Corsair Accelerator 30GB SSD Cache Drive Review
A short time ago we took a long hard look at the Corsair Accelerator 60GB drive and walked away craving even more. Its ability to increase the overall responsiveness of an entire system was impressive, performance was improved without sacrificing capacity and it didn’t cost a veritable fortune. However, there was one major issue: the overall value was lacking when compared to similar solutions offered by the competition. Today we will be looking at the smaller and even more frugally priced sibling – the Corsair Accelerator 30GB – to see if this drive can alleviate our concerns.
Much like OCZ and their Synapse line, the Corsair Accelerator series relies on Nvelo’s Dataplex software to meld a moderately fast solid state drive to the user’s existing hard drive in order to create one “hybrid” storage solution. As with the larger version, the 30GB unit relies upon a standard SATA 3Gb/s Nova Series 2 drive.
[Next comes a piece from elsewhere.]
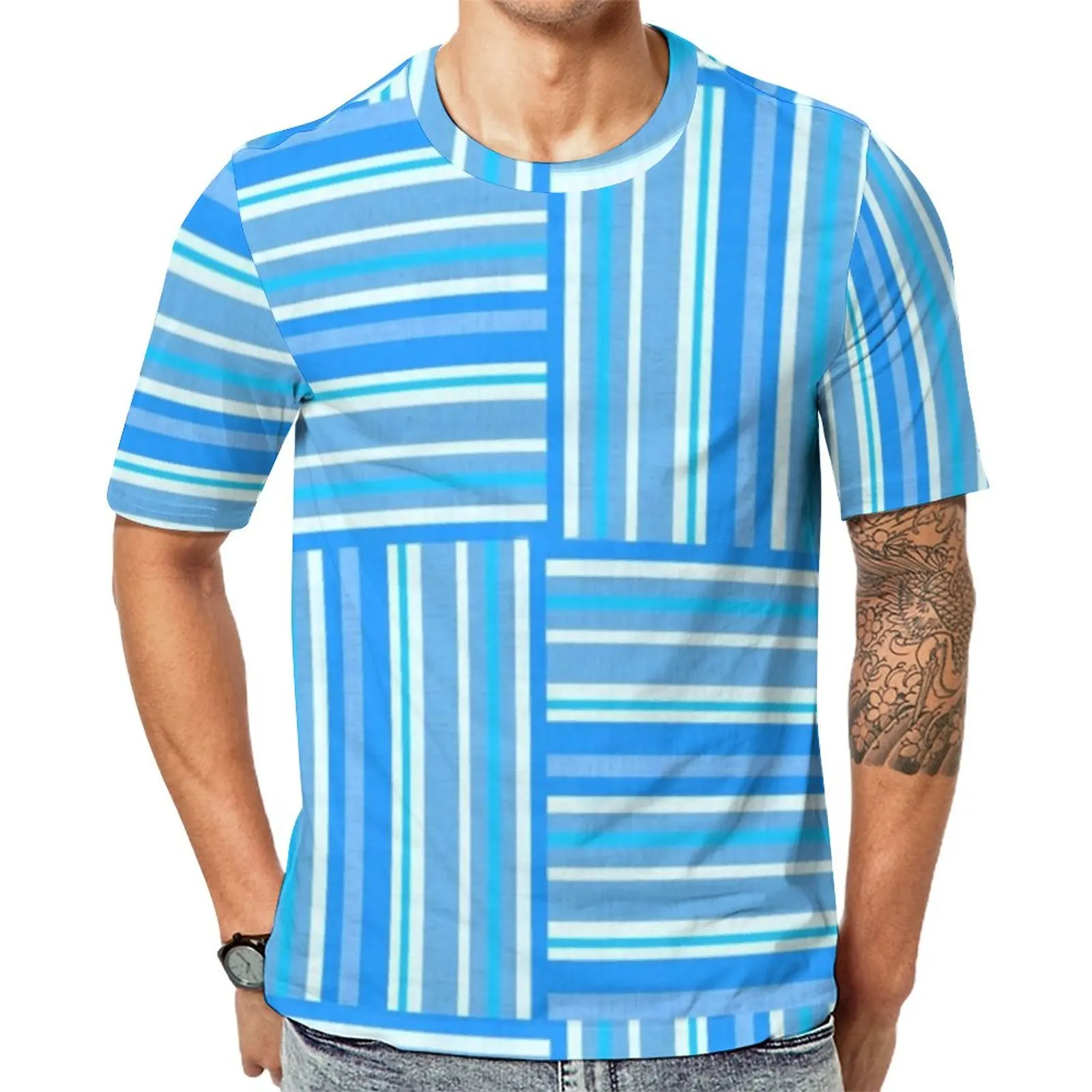 

Футболка мужская в белую и синюю полоску, с принтом в виде цветных линий, в стиле хиппи, летняя футболка с графическим рисунком, базовая Женская одежда с коротким рукавом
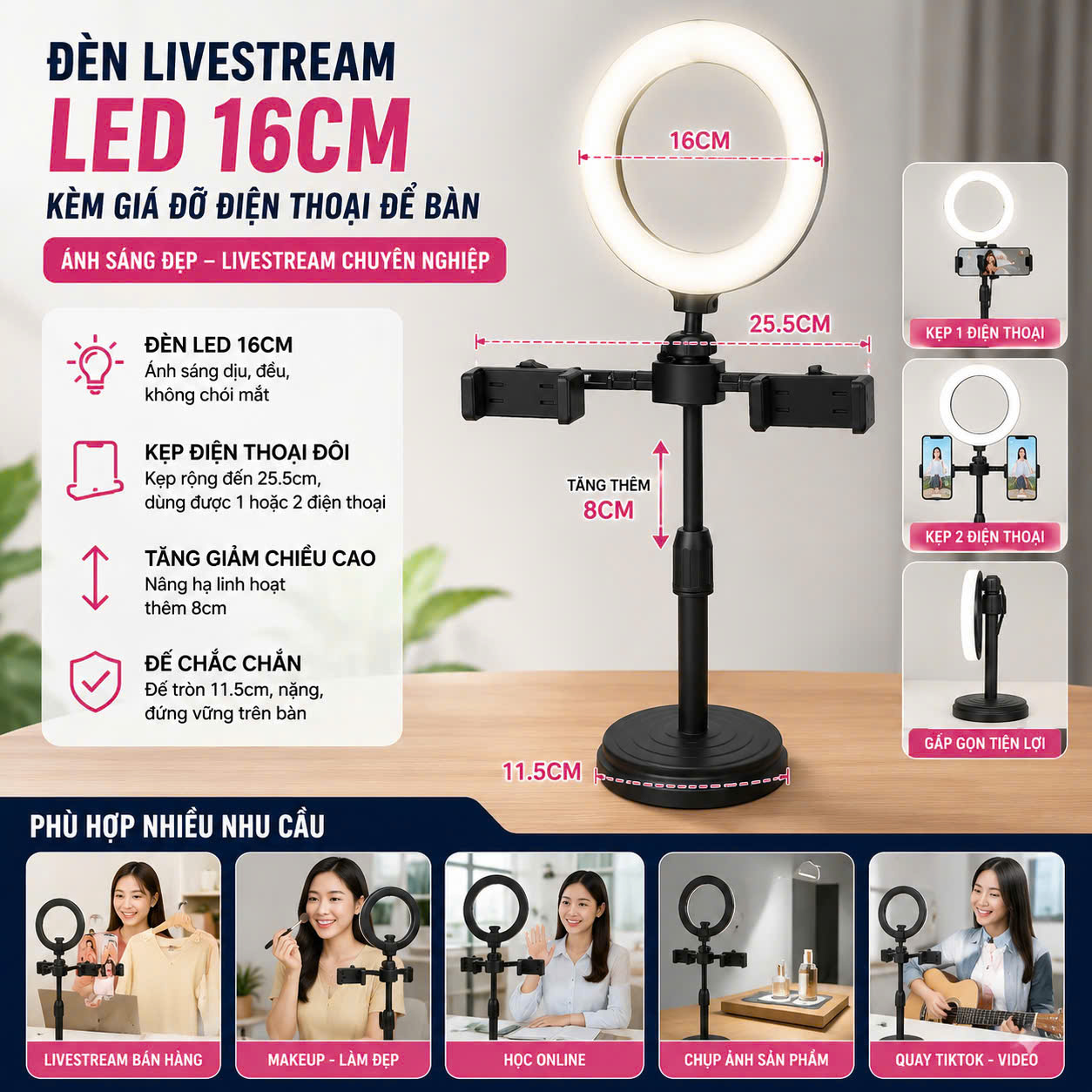 Đèn Livetream Để Bàn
As mentioned extensively in the previous review, this drive uses a less capable SandForce controller but in this instance it is the SF2141 instead of the SF2181.
Unfortunately, the 7% over-provisioning found with the standard Nova Series 2 drive has also been carried over from the 60GB model. Based on previous experience, this does raise serious concerns over short and long term performance loss. Luckily, the Accelerator 30GB has an ace up its sleeve which may help mitigate these concerns. Namely, with an asking price of only $59, this model may so frugally priced that nothing in the same price range will be able to match it.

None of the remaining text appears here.